Enquanto a Floresta Atlântica vai sumindo, o Muriqui também.
A devastação profunda que se deu na Floresta Atlântica, desde que os portugueses pisaram o solo de Pindorama, em 1500, não acabou.
Não se fala FLORESTA ATLÂNTICA, mas MATA (que tem um significado mais restrito e urbano do que o de floresta).
Mesmo cobrindo apenas 13% do território nacional, cerca de 70% da população brasileira encontra-se na Mata Atlântica.
Inclusive, 10 das 20 cidades com maior população no Brasil estão dentro da Mata Atlântica.
Hoje apenas 10% da floresta ainda se encontram de forma nativa.
Apesar de reduzida a poucos fragmentos, na sua maioria descontínuos, a biodiversidade seu ecosistema é uma dos maiores do planeta.
|
Estado |
Remanescente (Km²) |
% remanescente |
| Alagoas |
1.498,72 |
10,02% |
| Bahia |
16.927,34 |
8,97% |
| Ceará |
1.502,83 |
16,50% |
| Espírito Santo |
5.107,53 |
11,07% |
| Goiás |
493,81 |
4,7% |
| Mato Grosso do Sul |
3.601,21 |
5,65% |
| Minas Gerais |
27.339,26 |
10,04% |
| Paraíba |
756,41 |
11,34% |
| Paraná |
20.944,01 |
10,65% |
| Pernambuco |
2.292,72 |
12,68% |
| Rio de Janeiro |
8.617,66 |
19,61% |
| Rio Grande do Norte |
485,48 |
14,12% |
| Rio Grande do Sul |
10.289,90 |
7,48% |
| Santa Catarina |
22.100,61 |
23,04% |
| São Paulo |
26.703,24 |
15,78% |
| Sergipe |
1.098.87 |
9,17% |
Um aliado incrível na campanha Muriqui 2016 é a Conservation International (CI), uma das mais respeitadas entidades de programas ambientais do mundo.
O seu presidente da CI, Russell Mittermeier, biólogo primatologista renomado, já vem difundido a candidatura em suas conferências e defende “O Muriqui tem importância tão grande quanto o panda gigante da China.
É um animal realmente simbólico para o Brasil, pois só existe no país e só vive na Mata Atlântica, ou seja, só há registros neste tipo de bioma.

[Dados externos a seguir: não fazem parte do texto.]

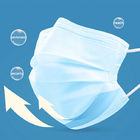 Waterproof Dustproof Bfe99 Disposable Mouth Mask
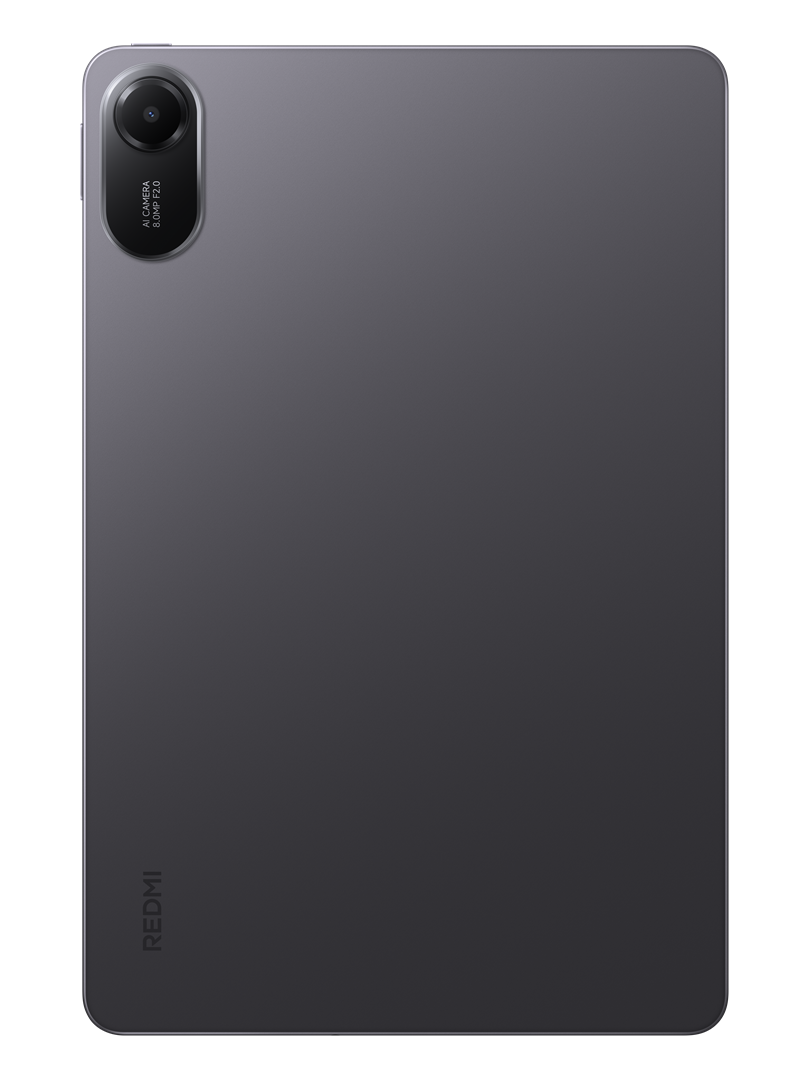 Xiaomi | Redmi Pad 2 4G | 11 " | Graphite Gray | IPS LCD | 1600 x 2560 pixels | Mediatek | Helio G100 Ultra (6 nm) | 4 GB | 128 GB | 4G | Wi-Fi | Front camera | 5 MP | Rear camera | 8 MP | Bluetooth | 5.3 | Android | 15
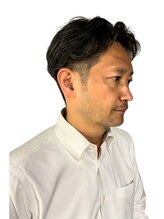 バーバーウッディ 低料金理容室バーバーウッディ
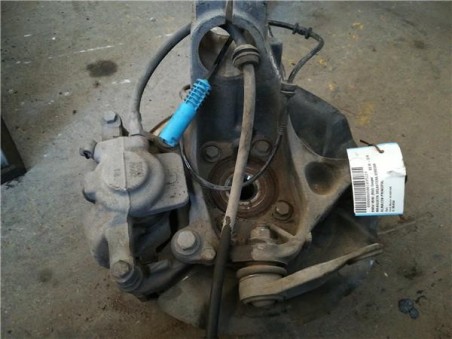 Mangueta Delantera Derecha BMW MINI 1 6 16V 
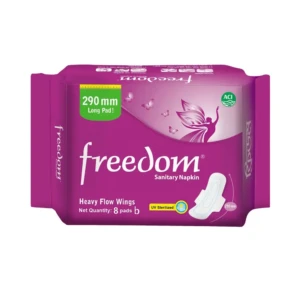 Freedom-Heavy-Flow-Wings-8Pads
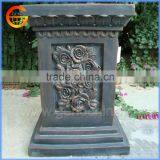 New Designs Fiberstone Flower Stand thumbnail-3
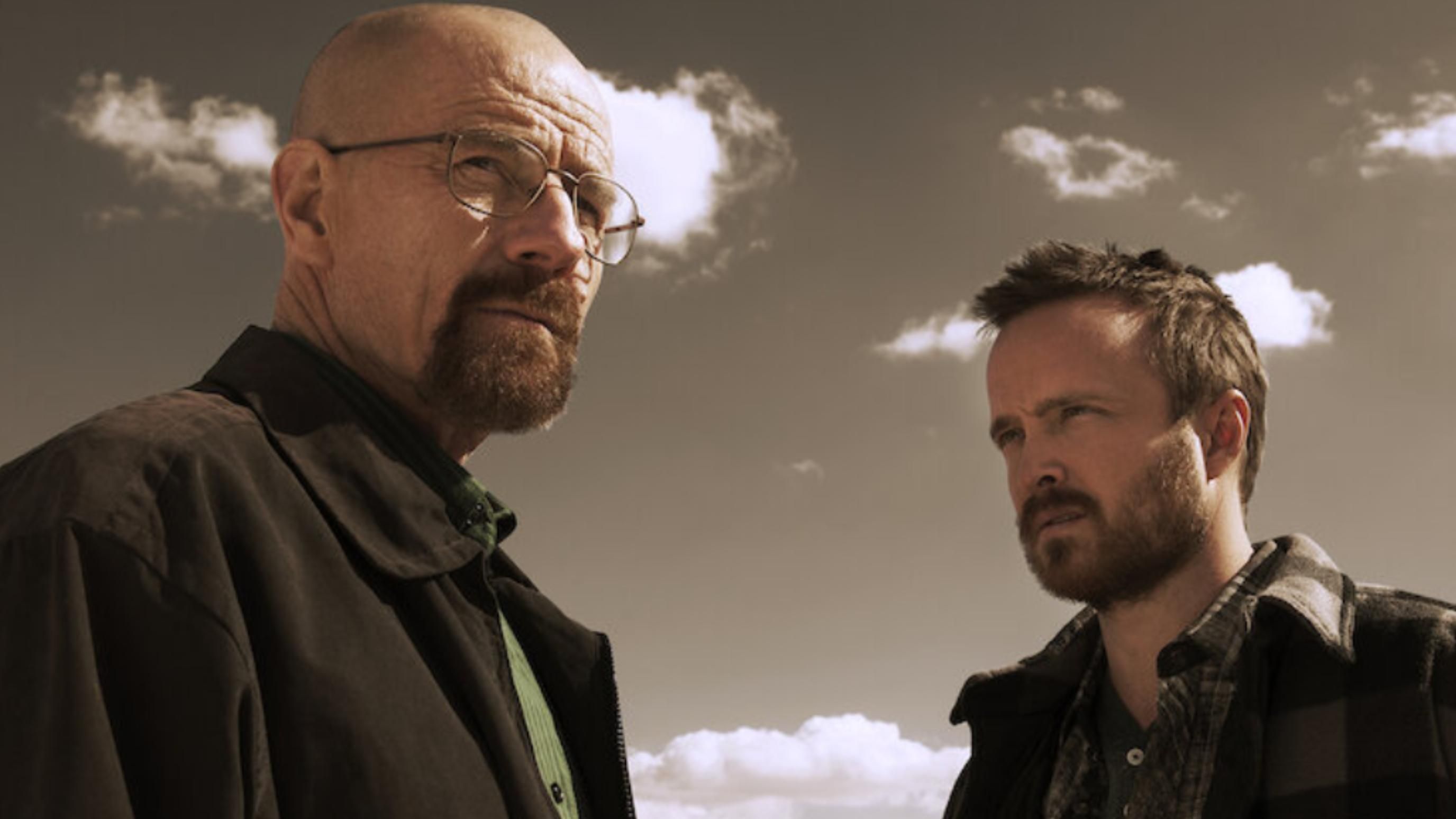 Breaking Bad (2008) | Image Source: AMC / Sony Pictures Television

Em reuniões internacionais tenho falado do esforço que estamos fazendo para protegê-lo” — disse Mittermeier
Paula Breves defende : “A escolha está nas mãos do COB, que pode deixar um legado que para ajudar a salvar o Muriqui e a Mata Atlântica.
Esta é uma grande possibilidade pois o Rio tem uma carência histórica de conhecimento sobre o seu maior primata”.

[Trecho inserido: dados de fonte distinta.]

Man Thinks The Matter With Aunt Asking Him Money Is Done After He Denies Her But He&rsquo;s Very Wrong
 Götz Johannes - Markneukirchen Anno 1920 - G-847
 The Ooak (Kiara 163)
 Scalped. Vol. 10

A campanha da ONG Ecoatlântica para transformar o primata em mascote ganhou uma visibilidade inédita, levando o Muriqui pela primeira vez, de um modo consistente, ao imaginário da opinião pública.
O trabalho está no caminho de tornar o maior primata das Américas uma das mais importantes espécies-bandeira da Mata Atlântica e um símbolo da defesa global da biodiversidade.
Falando-se de diversidade, na sociedade dos Muriquis não existe predominância de machos sobre fêmeas.
Eles se conservam em seu bando toda uma vida, ela procura outro bando na sua adolescência.
Enquanto outras espécies se agridem na disputa da cópula, os muriquis compartilham a mesma fêmea e abraçados aguardam sua vez na fila da procriação.
Sem ciúmes ou agressividade.
Com generosidade e solidariedade salta o Muriqui de galho em galho, rumo ao estrelato, divulgando a causa ambiental para todos os cantos do nosso amado planetinha.